→ **Exercise details**
Below are records. Transcribe exactly the lines from the one that contains "- Alberthiebe Endah" through the last line, leaving any pictures out.

(Web page caption snippets)

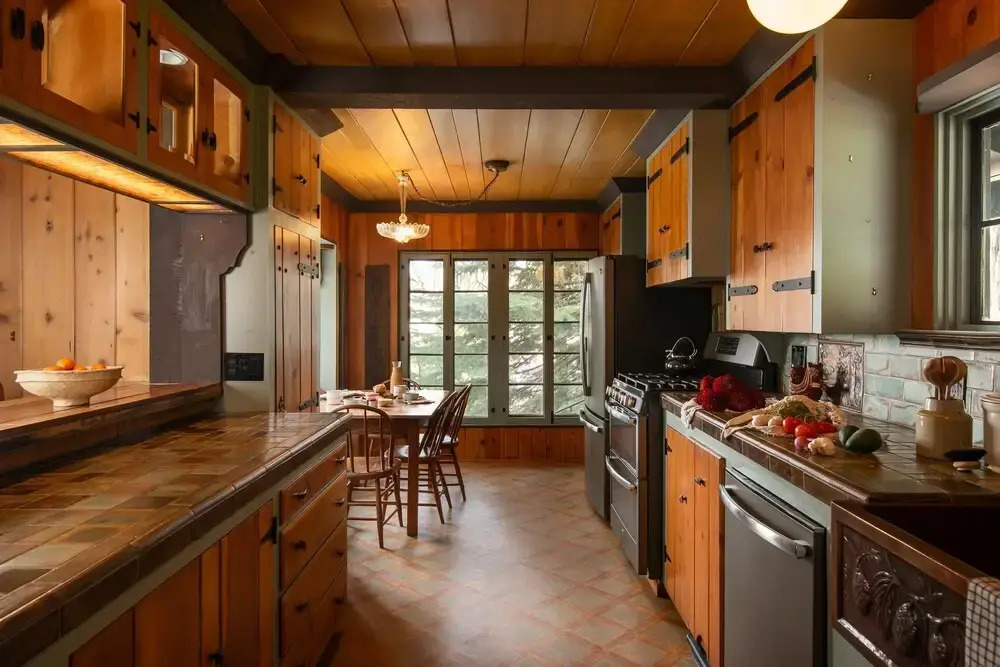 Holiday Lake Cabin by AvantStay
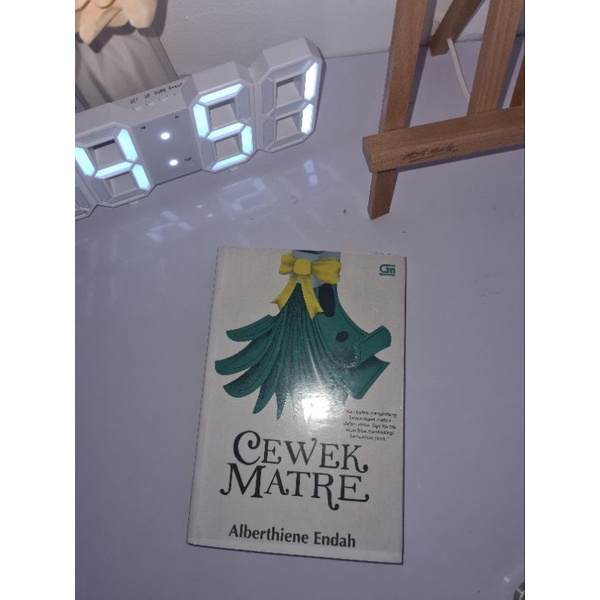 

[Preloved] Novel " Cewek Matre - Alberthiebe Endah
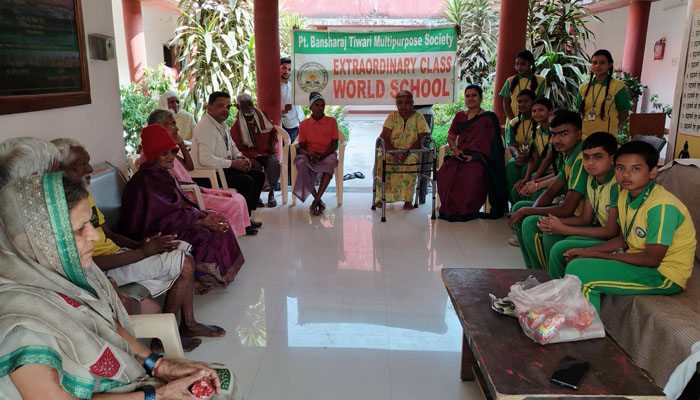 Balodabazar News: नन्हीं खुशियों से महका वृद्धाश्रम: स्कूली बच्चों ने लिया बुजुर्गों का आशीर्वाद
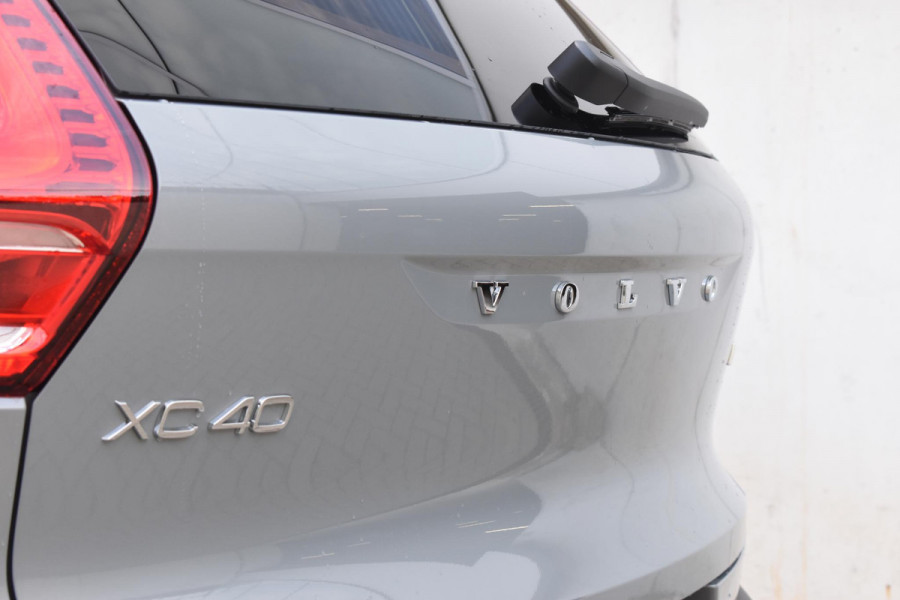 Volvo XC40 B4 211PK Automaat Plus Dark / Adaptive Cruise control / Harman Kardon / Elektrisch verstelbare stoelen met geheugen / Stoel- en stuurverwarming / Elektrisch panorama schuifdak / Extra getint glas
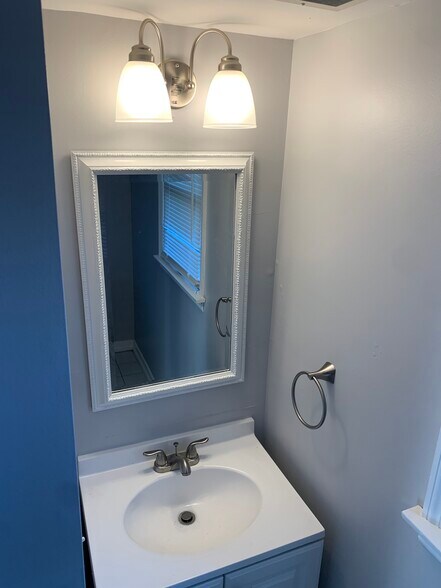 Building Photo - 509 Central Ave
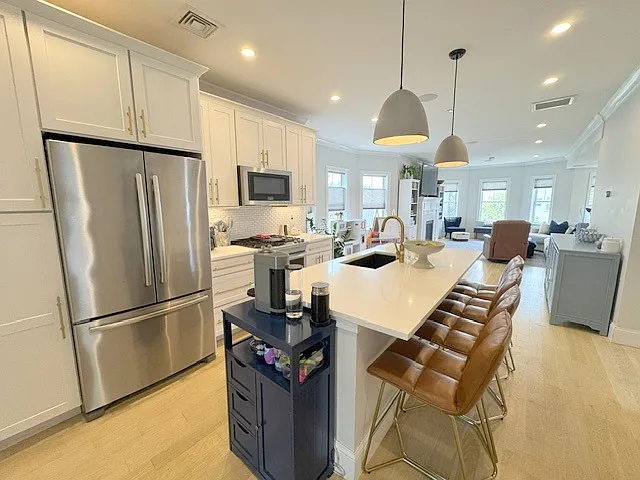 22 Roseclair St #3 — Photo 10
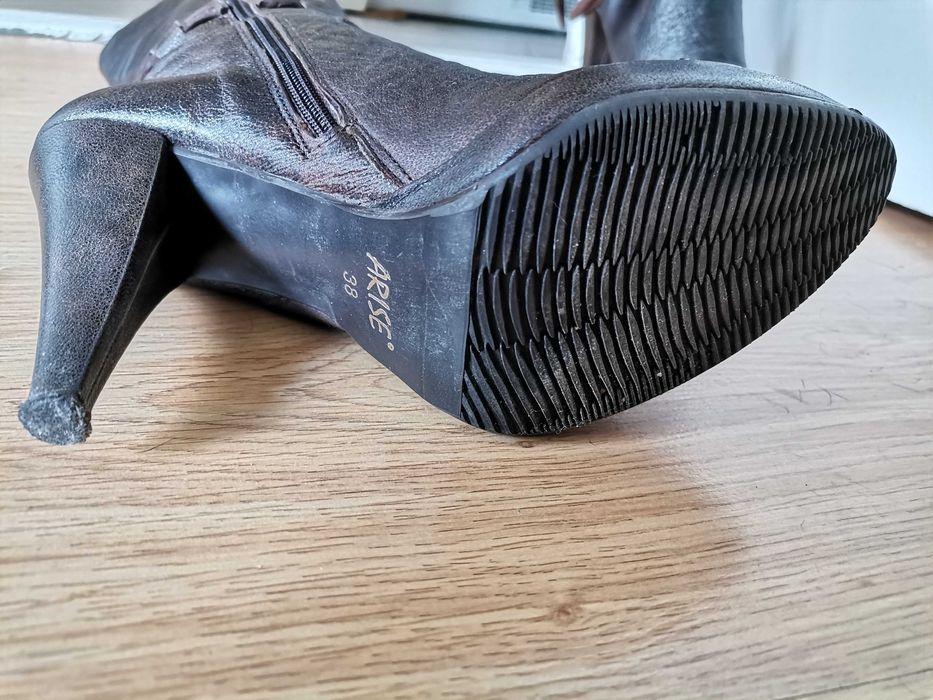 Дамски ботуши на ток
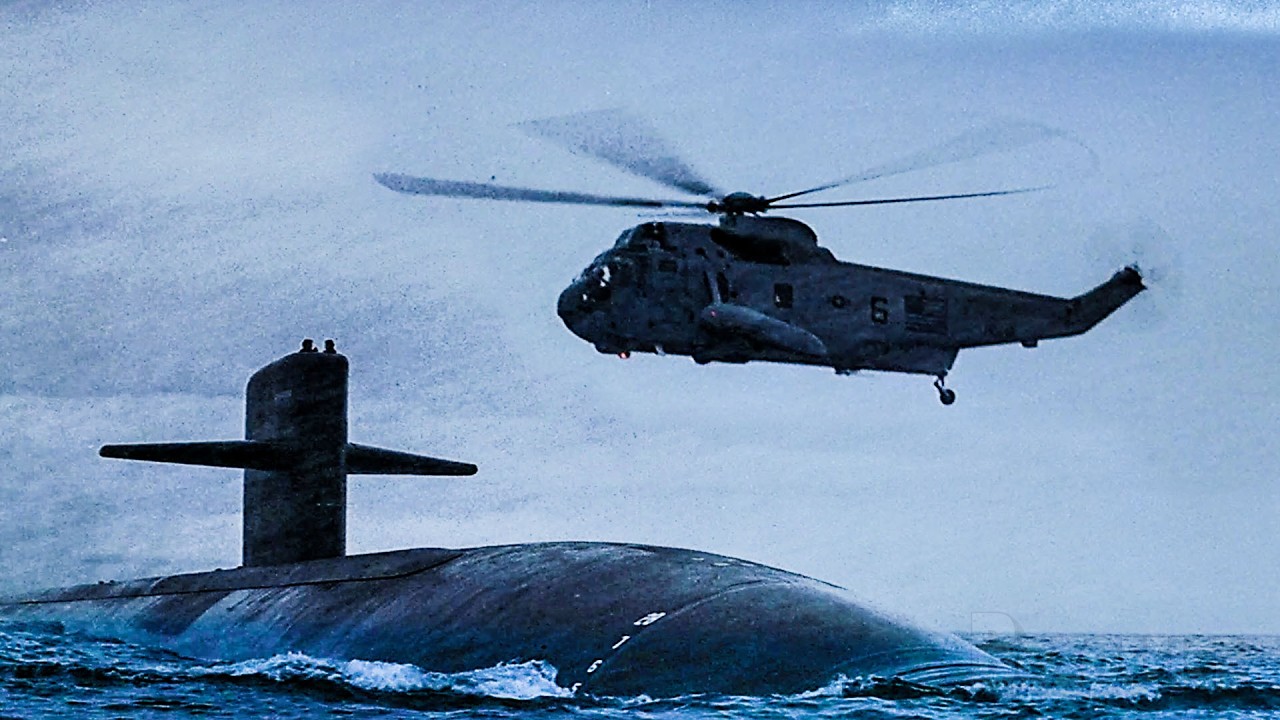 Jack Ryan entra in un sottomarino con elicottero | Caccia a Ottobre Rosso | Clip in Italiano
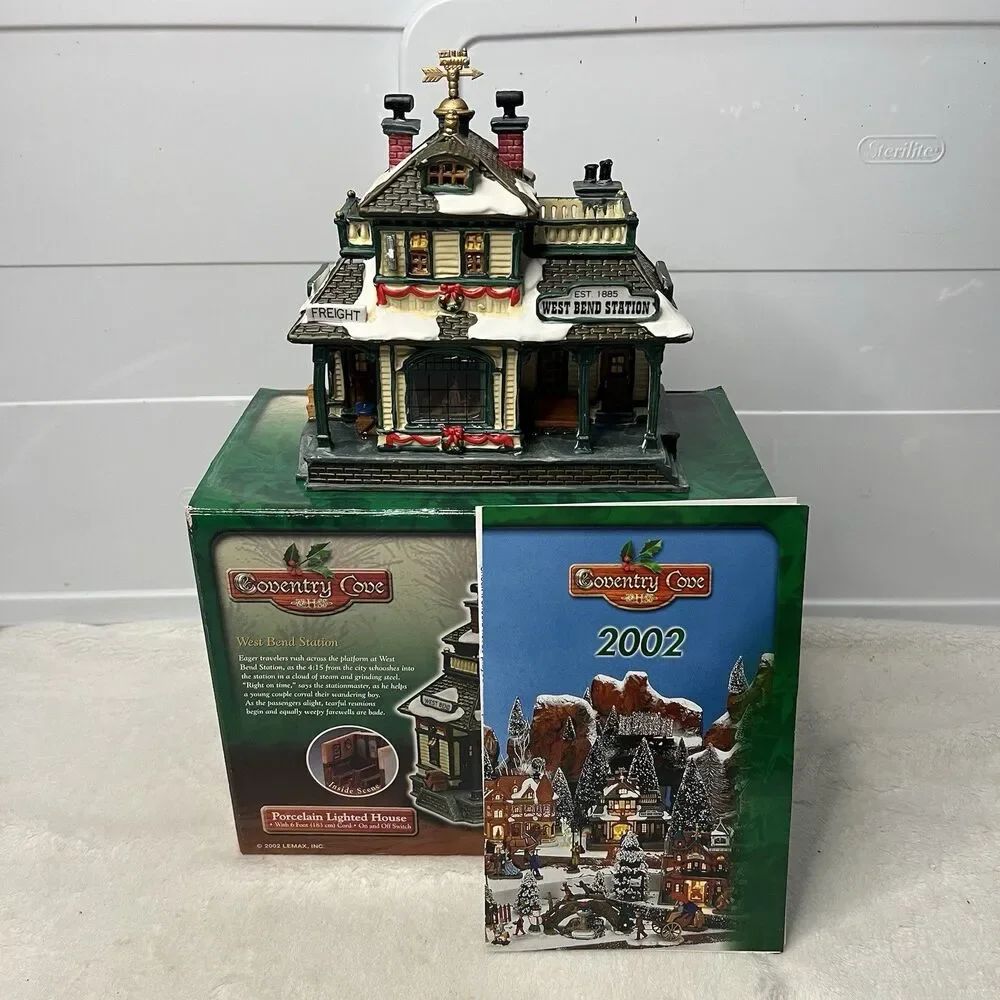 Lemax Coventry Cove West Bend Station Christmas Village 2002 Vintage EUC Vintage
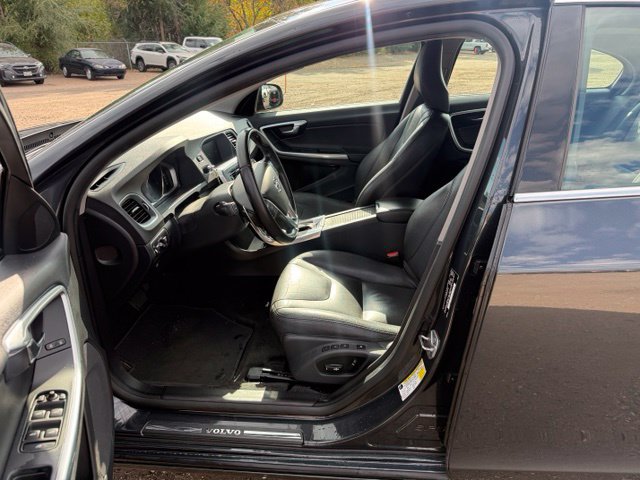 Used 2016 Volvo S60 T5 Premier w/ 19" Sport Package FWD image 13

→ **Result of the task**
[Preloved] Novel " Cewek Matre - Alberthiebe Endah
 Balodabazar News: नन्हीं खुशियों से महका वृद्धाश्रम: स्कूली बच्चों ने लिया बुजुर्गों का आशीर्वाद
 Volvo XC40 B4 211PK Automaat Plus Dark / Adaptive Cruise control / Harman Kardon / Elektrisch verstelbare stoelen met geheugen / Stoel- en stuurverwarming / Elektrisch panorama schuifdak / Extra getint glas
 Building Photo - 509 Central Ave
 22 Roseclair St #3 — Photo 10
 Дамски ботуши на ток
 Jack Ryan entra in un sottomarino con elicottero | Caccia a Ottobre Rosso | Clip in Italiano
 Lemax Coventry Cove West Bend Station Christmas Village 2002 Vintage EUC Vintage
 Used 2016 Volvo S60 T5 Premier w/ 19" Sport Package FWD image 13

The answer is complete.